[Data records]
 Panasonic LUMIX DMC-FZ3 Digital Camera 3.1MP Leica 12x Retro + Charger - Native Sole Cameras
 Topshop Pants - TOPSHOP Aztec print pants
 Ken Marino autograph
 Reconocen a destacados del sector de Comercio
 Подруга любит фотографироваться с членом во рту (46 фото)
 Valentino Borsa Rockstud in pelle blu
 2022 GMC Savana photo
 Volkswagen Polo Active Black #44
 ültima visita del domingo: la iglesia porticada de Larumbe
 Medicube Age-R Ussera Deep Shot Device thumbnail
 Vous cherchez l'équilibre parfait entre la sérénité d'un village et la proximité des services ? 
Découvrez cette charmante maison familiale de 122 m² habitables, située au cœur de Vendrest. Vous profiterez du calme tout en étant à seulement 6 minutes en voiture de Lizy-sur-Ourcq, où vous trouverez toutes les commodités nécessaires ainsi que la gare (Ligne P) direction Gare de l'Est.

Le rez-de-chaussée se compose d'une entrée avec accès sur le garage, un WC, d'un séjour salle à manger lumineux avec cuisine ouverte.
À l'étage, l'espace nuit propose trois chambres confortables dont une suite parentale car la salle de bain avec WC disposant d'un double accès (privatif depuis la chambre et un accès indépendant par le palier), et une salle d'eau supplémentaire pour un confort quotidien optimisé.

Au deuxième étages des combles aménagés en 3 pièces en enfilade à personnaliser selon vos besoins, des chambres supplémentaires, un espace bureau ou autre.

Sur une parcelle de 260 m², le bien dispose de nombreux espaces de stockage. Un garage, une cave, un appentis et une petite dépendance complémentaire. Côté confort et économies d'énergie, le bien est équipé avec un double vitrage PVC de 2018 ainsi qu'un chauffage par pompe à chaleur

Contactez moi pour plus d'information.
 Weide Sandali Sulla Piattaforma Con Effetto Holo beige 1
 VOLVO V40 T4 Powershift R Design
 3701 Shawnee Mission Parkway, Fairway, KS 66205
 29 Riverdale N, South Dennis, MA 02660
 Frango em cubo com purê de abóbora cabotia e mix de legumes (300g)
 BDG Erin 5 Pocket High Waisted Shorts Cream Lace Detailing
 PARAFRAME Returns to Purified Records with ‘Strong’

* _What is expected_
Repeat exactly the lines above, starting with the first line of the records and finishing with the line holding "Vous cherchez l'équilibre". Add no other line.

* _Finished exercise_
 Panasonic LUMIX DMC-FZ3 Digital Camera 3.1MP Leica 12x Retro + Charger - Native Sole Cameras
 Topshop Pants - TOPSHOP Aztec print pants
 Ken Marino autograph
 Reconocen a destacados del sector de Comercio
 Подруга любит фотографироваться с членом во рту (46 фото)
 Valentino Borsa Rockstud in pelle blu
 2022 GMC Savana photo
 Volkswagen Polo Active Black #44
 ültima visita del domingo: la iglesia porticada de Larumbe
 Medicube Age-R Ussera Deep Shot Device thumbnail
 Vous cherchez l'équilibre parfait entre la sérénité d'un village et la proximité des services ? 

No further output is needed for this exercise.